WHAT THE TASK ASKS: Exactly as written, return every line of the data below.

(Excerpts from a dataset)
····················
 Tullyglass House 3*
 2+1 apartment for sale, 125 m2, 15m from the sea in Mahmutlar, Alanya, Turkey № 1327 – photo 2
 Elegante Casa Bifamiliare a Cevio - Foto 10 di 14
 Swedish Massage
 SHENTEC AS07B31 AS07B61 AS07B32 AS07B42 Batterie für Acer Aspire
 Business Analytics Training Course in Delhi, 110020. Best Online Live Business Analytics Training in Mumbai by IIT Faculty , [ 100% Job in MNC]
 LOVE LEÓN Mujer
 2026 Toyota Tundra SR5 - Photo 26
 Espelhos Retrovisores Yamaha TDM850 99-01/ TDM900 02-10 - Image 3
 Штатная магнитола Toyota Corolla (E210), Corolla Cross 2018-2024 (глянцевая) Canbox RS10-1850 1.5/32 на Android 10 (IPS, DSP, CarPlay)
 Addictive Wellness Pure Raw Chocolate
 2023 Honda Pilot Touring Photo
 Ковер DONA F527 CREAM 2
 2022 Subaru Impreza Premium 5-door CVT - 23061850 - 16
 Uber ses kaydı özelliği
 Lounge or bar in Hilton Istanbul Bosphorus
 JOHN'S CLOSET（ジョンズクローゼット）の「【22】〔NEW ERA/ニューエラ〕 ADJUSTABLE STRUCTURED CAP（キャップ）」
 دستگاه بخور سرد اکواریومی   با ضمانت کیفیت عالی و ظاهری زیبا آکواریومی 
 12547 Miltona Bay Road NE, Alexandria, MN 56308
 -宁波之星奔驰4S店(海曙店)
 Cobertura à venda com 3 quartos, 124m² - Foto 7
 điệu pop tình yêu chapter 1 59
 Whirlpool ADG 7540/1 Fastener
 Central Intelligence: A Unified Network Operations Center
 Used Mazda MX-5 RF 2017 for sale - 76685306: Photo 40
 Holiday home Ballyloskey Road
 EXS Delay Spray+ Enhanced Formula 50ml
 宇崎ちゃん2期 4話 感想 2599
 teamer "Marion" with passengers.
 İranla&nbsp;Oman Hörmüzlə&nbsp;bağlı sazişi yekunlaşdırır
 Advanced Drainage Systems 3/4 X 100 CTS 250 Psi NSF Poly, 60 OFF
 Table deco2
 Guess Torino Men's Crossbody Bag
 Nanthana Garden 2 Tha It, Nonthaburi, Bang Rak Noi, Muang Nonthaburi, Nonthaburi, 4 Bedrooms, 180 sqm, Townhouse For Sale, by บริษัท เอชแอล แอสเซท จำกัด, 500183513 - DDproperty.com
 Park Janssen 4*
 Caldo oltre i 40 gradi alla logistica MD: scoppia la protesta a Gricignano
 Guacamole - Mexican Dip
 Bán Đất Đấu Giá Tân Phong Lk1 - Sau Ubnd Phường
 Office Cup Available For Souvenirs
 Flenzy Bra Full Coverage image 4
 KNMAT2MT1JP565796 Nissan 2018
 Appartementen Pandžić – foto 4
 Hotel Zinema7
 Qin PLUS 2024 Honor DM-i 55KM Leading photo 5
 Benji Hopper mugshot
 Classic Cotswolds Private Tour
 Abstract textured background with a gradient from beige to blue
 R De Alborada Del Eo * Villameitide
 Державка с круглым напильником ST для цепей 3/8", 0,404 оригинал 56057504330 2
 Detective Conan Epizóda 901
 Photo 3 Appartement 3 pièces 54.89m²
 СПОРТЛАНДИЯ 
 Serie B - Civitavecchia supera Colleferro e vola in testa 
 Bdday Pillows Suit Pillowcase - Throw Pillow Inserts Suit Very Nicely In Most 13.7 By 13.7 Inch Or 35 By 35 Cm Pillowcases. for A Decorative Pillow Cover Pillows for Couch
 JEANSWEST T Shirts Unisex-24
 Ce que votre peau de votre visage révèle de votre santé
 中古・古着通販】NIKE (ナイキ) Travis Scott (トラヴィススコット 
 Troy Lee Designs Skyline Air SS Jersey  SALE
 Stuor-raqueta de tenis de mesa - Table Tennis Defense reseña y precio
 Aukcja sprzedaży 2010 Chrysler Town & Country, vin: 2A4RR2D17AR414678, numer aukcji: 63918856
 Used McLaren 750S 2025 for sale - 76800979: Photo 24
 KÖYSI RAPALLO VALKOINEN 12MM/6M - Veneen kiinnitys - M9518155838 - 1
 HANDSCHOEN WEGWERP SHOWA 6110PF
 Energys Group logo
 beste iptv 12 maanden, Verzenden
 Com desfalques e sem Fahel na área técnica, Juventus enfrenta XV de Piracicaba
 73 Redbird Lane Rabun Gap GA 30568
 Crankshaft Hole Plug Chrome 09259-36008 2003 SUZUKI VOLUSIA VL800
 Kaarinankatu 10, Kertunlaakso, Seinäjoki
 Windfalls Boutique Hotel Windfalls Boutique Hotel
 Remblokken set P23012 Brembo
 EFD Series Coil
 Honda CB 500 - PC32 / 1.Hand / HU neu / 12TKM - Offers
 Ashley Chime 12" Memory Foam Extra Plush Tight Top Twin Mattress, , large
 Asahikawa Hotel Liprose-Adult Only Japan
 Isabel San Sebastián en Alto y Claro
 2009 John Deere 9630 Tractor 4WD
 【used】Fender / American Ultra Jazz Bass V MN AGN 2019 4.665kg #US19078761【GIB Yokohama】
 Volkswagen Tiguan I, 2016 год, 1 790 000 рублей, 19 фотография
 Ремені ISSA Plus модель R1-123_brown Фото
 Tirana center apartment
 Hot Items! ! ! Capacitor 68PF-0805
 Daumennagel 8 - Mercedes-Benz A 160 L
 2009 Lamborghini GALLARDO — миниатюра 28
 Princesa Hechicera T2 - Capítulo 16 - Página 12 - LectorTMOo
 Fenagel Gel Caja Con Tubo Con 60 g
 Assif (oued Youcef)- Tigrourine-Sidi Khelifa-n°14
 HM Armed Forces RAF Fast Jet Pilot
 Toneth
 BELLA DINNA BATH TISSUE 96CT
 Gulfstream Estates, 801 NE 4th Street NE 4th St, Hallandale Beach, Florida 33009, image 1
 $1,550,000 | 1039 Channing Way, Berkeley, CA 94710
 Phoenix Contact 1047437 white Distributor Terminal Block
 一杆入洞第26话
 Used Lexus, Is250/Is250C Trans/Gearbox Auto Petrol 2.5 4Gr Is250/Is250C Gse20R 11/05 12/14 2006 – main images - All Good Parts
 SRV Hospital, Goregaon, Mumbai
····················
RESPONSE BELOW:
 Tullyglass House 3*
 2+1 apartment for sale, 125 m2, 15m from the sea in Mahmutlar, Alanya, Turkey № 1327 – photo 2
 Elegante Casa Bifamiliare a Cevio - Foto 10 di 14
 Swedish Massage
 SHENTEC AS07B31 AS07B61 AS07B32 AS07B42 Batterie für Acer Aspire
 Business Analytics Training Course in Delhi, 110020. Best Online Live Business Analytics Training in Mumbai by IIT Faculty , [ 100% Job in MNC]
 LOVE LEÓN Mujer
 2026 Toyota Tundra SR5 - Photo 26
 Espelhos Retrovisores Yamaha TDM850 99-01/ TDM900 02-10 - Image 3
 Штатная магнитола Toyota Corolla (E210), Corolla Cross 2018-2024 (глянцевая) Canbox RS10-1850 1.5/32 на Android 10 (IPS, DSP, CarPlay)
 Addictive Wellness Pure Raw Chocolate
 2023 Honda Pilot Touring Photo
 Ковер DONA F527 CREAM 2
 2022 Subaru Impreza Premium 5-door CVT - 23061850 - 16
 Uber ses kaydı özelliği
 Lounge or bar in Hilton Istanbul Bosphorus
 JOHN'S CLOSET（ジョンズクローゼット）の「【22】〔NEW ERA/ニューエラ〕 ADJUSTABLE STRUCTURED CAP（キャップ）」
 دستگاه بخور سرد اکواریومی   با ضمانت کیفیت عالی و ظاهری زیبا آکواریومی 
 12547 Miltona Bay Road NE, Alexandria, MN 56308
 -宁波之星奔驰4S店(海曙店)
 Cobertura à venda com 3 quartos, 124m² - Foto 7
 điệu pop tình yêu chapter 1 59
 Whirlpool ADG 7540/1 Fastener
 Central Intelligence: A Unified Network Operations Center
 Used Mazda MX-5 RF 2017 for sale - 76685306: Photo 40
 Holiday home Ballyloskey Road
 EXS Delay Spray+ Enhanced Formula 50ml
 宇崎ちゃん2期 4話 感想 2599
 teamer "Marion" with passengers.
 İranla&nbsp;Oman Hörmüzlə&nbsp;bağlı sazişi yekunlaşdırır
 Advanced Drainage Systems 3/4 X 100 CTS 250 Psi NSF Poly, 60 OFF
 Table deco2
 Guess Torino Men's Crossbody Bag
 Nanthana Garden 2 Tha It, Nonthaburi, Bang Rak Noi, Muang Nonthaburi, Nonthaburi, 4 Bedrooms, 180 sqm, Townhouse For Sale, by บริษัท เอชแอล แอสเซท จำกัด, 500183513 - DDproperty.com
 Park Janssen 4*
 Caldo oltre i 40 gradi alla logistica MD: scoppia la protesta a Gricignano
 Guacamole - Mexican Dip
 Bán Đất Đấu Giá Tân Phong Lk1 - Sau Ubnd Phường
 Office Cup Available For Souvenirs
 Flenzy Bra Full Coverage image 4
 KNMAT2MT1JP565796 Nissan 2018
 Appartementen Pandžić – foto 4
 Hotel Zinema7
 Qin PLUS 2024 Honor DM-i 55KM Leading photo 5
 Benji Hopper mugshot
 Classic Cotswolds Private Tour
 Abstract textured background with a gradient from beige to blue
 R De Alborada Del Eo * Villameitide
 Державка с круглым напильником ST для цепей 3/8", 0,404 оригинал 56057504330 2
 Detective Conan Epizóda 901
 Photo 3 Appartement 3 pièces 54.89m²
 СПОРТЛАНДИЯ 
 Serie B - Civitavecchia supera Colleferro e vola in testa 
 Bdday Pillows Suit Pillowcase - Throw Pillow Inserts Suit Very Nicely In Most 13.7 By 13.7 Inch Or 35 By 35 Cm Pillowcases. for A Decorative Pillow Cover Pillows for Couch
 JEANSWEST T Shirts Unisex-24
 Ce que votre peau de votre visage révèle de votre santé
 中古・古着通販】NIKE (ナイキ) Travis Scott (トラヴィススコット 
 Troy Lee Designs Skyline Air SS Jersey  SALE
 Stuor-raqueta de tenis de mesa - Table Tennis Defense reseña y precio
 Aukcja sprzedaży 2010 Chrysler Town & Country, vin: 2A4RR2D17AR414678, numer aukcji: 63918856
 Used McLaren 750S 2025 for sale - 76800979: Photo 24
 KÖYSI RAPALLO VALKOINEN 12MM/6M - Veneen kiinnitys - M9518155838 - 1
 HANDSCHOEN WEGWERP SHOWA 6110PF
 Energys Group logo
 beste iptv 12 maanden, Verzenden
 Com desfalques e sem Fahel na área técnica, Juventus enfrenta XV de Piracicaba
 73 Redbird Lane Rabun Gap GA 30568
 Crankshaft Hole Plug Chrome 09259-36008 2003 SUZUKI VOLUSIA VL800
 Kaarinankatu 10, Kertunlaakso, Seinäjoki
 Windfalls Boutique Hotel Windfalls Boutique Hotel
 Remblokken set P23012 Brembo
 EFD Series Coil
 Honda CB 500 - PC32 / 1.Hand / HU neu / 12TKM - Offers
 Ashley Chime 12" Memory Foam Extra Plush Tight Top Twin Mattress, , large
 Asahikawa Hotel Liprose-Adult Only Japan
 Isabel San Sebastián en Alto y Claro
 2009 John Deere 9630 Tractor 4WD
 【used】Fender / American Ultra Jazz Bass V MN AGN 2019 4.665kg #US19078761【GIB Yokohama】
 Volkswagen Tiguan I, 2016 год, 1 790 000 рублей, 19 фотография
 Ремені ISSA Plus модель R1-123_brown Фото
 Tirana center apartment
 Hot Items! ! ! Capacitor 68PF-0805
 Daumennagel 8 - Mercedes-Benz A 160 L
 2009 Lamborghini GALLARDO — миниатюра 28
 Princesa Hechicera T2 - Capítulo 16 - Página 12 - LectorTMOo
 Fenagel Gel Caja Con Tubo Con 60 g
 Assif (oued Youcef)- Tigrourine-Sidi Khelifa-n°14
 HM Armed Forces RAF Fast Jet Pilot
 Toneth
 BELLA DINNA BATH TISSUE 96CT
 Gulfstream Estates, 801 NE 4th Street NE 4th St, Hallandale Beach, Florida 33009, image 1
 $1,550,000 | 1039 Channing Way, Berkeley, CA 94710
 Phoenix Contact 1047437 white Distributor Terminal Block
 一杆入洞第26话
 Used Lexus, Is250/Is250C Trans/Gearbox Auto Petrol 2.5 4Gr Is250/Is250C Gse20R 11/05 12/14 2006 – main images - All Good Parts
 SRV Hospital, Goregaon, Mumbai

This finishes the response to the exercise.